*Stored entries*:

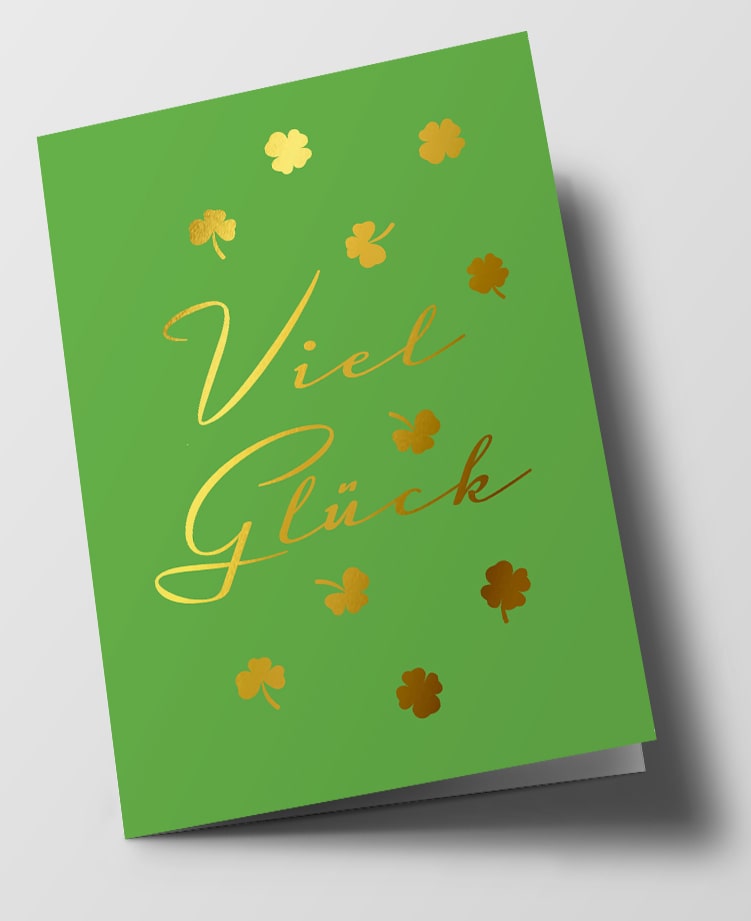 Klappkarte C6 - pure - Viel Glück Klappkarte C6 - pure - Viel Glück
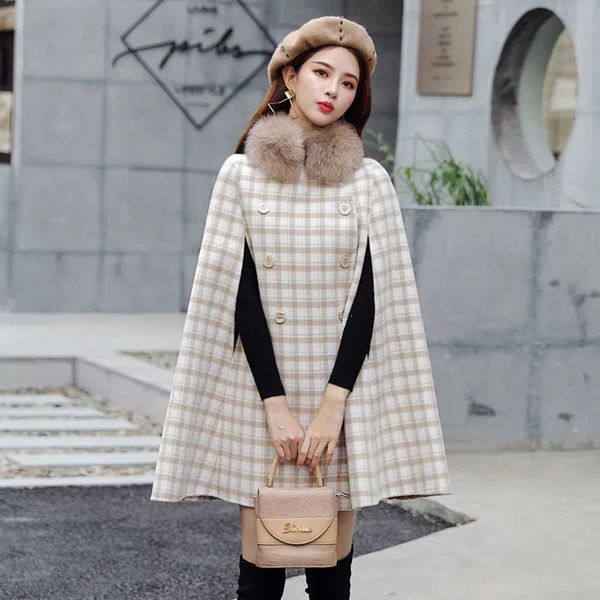 women's fur faux fur korean sleeveless ladies cape coats women mid long fur poncho women autumn winter poncho double breasted woolen sh, Black
women's fur faux fur korean sleeveless ladies cape coats women mid long fur poncho women autumn winter poncho double breasted woolen sh, Black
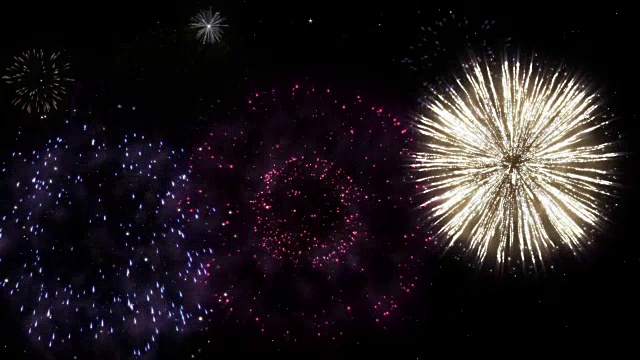 庆祝贺词烟花颗粒夜空运动烟花背景。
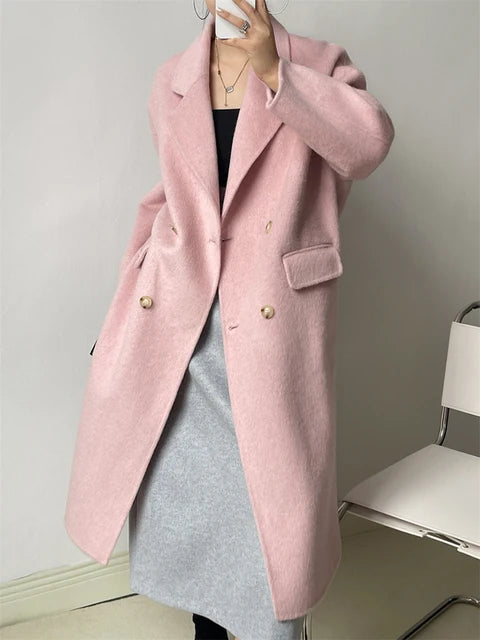 Solid Temperament Trench For Women Notched Collar Long Sleeve Patchwork Double Breasted Coats Female Fashion New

*Activity*:
Omit the pictures; set down each record exactly.

*Exercise answer*:
 Klappkarte C6 - pure - Viel Glück Klappkarte C6 - pure - Viel Glück
 women's fur faux fur korean sleeveless ladies cape coats women mid long fur poncho women autumn winter poncho double breasted woolen sh, Black
women's fur faux fur korean sleeveless ladies cape coats women mid long fur poncho women autumn winter poncho double breasted woolen sh, Black
 庆祝贺词烟花颗粒夜空运动烟花背景。
 Solid Temperament Trench For Women Notched Collar Long Sleeve Patchwork Double Breasted Coats Female Fashion New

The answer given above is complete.